I’ve been struggling with what to write this week. I’ve been thinking about a few things but nothing that I’m going to put on the internets. I think it’s my preoccupation with these things that is making it hard for me to focus on what I’m actually willing to put out there.
I’ve been feeling off lately as far as my writing is concerned. I want to be creative. I want to write something, but nothing is forthcoming and what’s more is I’m not feeling any pressure to put anything out there. I’ve started calling it “the drain” because it’s not like I’m blocked. Writer’s block has always been frustrating for me, but with this there’s no frustration just a quiet resignation.

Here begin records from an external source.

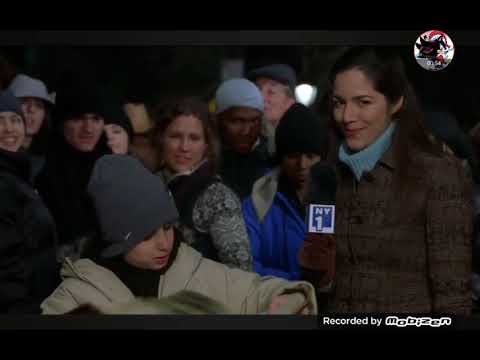 Elf (2003)- Micheal shows the crowd that Santa is real via Santa's book scene
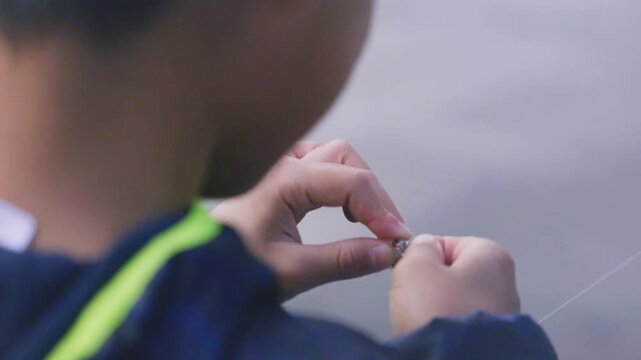 Close-up of hands baiting a fishing hook, outdoor fishing preparation
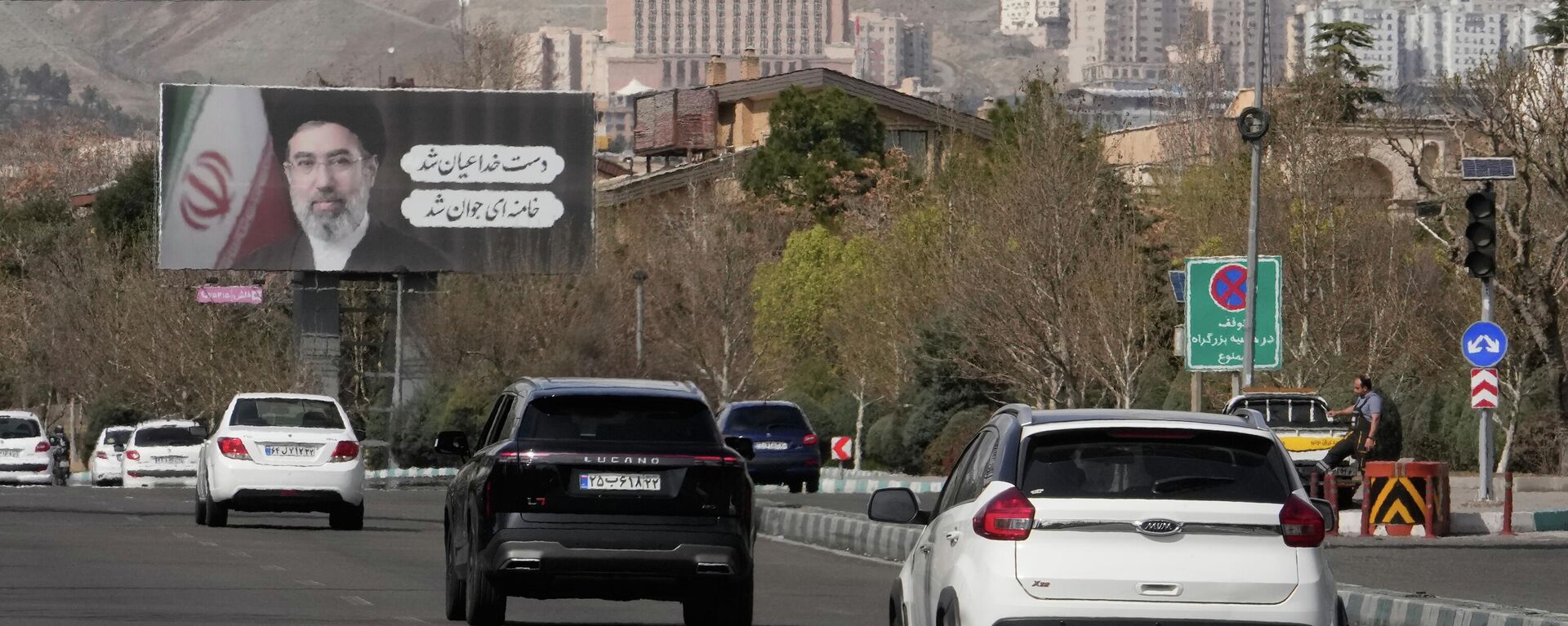 Veículos passam sob outdoors com retratos do falecido Líder Supremo iraniano, o aiatolá Ali Khamenei, em primeiro plano, e de seu filho, o aiatolá Mojtaba Khamenei, seu sucessor, ao longo de uma rodovia em Teerã, no Irã - Sputnik Brasil, 1920, 27.03.2026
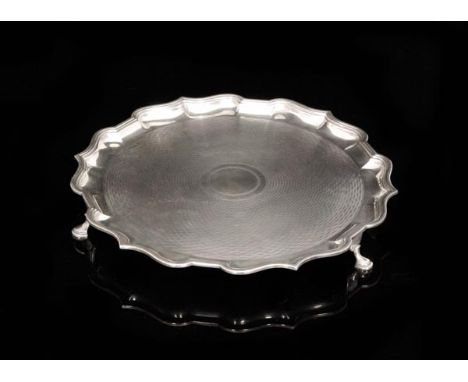 An Edwardian hallmarked silver circular salver of engine turned design within raised pie crust border, raised on three pad fe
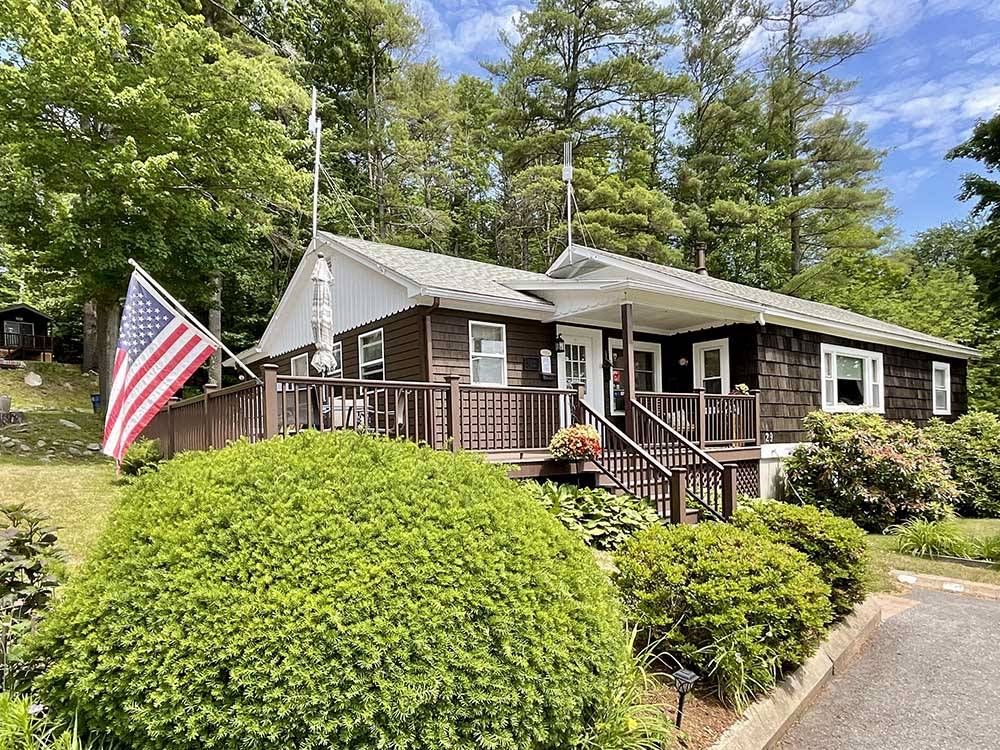 Main building surrounded by trees at LONG ISLAND BRIDGE CAMPGROUND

That scares me a little, because writing has always been a big part of who I am and if I’m not writing how can I call myself a writer? A writer writes. A writer doesn’t just sit staring a blank page thinking “Aw well, whatever.” A writer rages against that empty page! But not me.

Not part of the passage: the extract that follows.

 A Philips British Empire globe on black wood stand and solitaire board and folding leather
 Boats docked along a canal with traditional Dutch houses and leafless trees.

Maybe it’s because it’s summer. Summer has always been my favorite season, even in the sweltering desert where temperatures would easily reach above 100 degrees. Summer has always been a time of rest for me. Even when I’ve had a “regular person job.” Things just seem to move a little slower during the summer. You take vacations, you relax in the sunshine sipping iced coffee.
So I guess I’ll blame this lack of motivation on sunshine and summertime. And you all will just have to suffer through the crappy posts…sorry about that.